▸ INFORMATION PROVIDED
■ ■ ■ ■

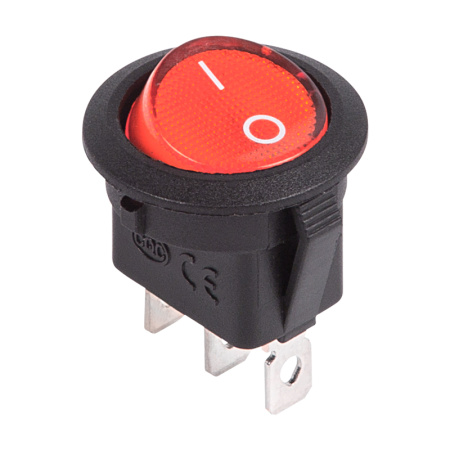 Выключатель клавишный круглый 12V 20А (3с) ON-OFF красный с подсветкой Rexant 36-2585
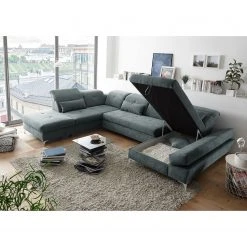 Fredriks Wohnlandschaft Easton - Microfaser - Microfaser Ranu: Anthrazit - Longchair davorstehend rechts / Ottomane links -Wohnzimmermöbel boutique en ligne 1000136743 181026 16490021 MOOD GALLERYIMAGES P000000001000136743 mood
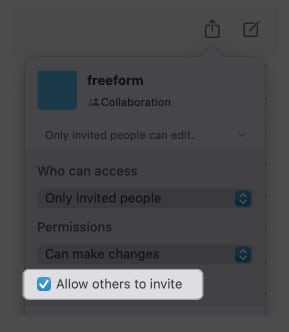 check allow others to invite in freeform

■ ■ ■ ■

▸ YOUR OBJECTIVE
The required answer is the material repeated exactly, with no images in it.

▸ TASK ANSWER
 Выключатель клавишный круглый 12V 20А (3с) ON-OFF красный с подсветкой Rexant 36-2585
 Fredriks Wohnlandschaft Easton - Microfaser - Microfaser Ranu: Anthrazit - Longchair davorstehend rechts / Ottomane links -Wohnzimmermöbel boutique en ligne 1000136743 181026 16490021 MOOD GALLERYIMAGES P000000001000136743 mood
 check allow others to invite in freeform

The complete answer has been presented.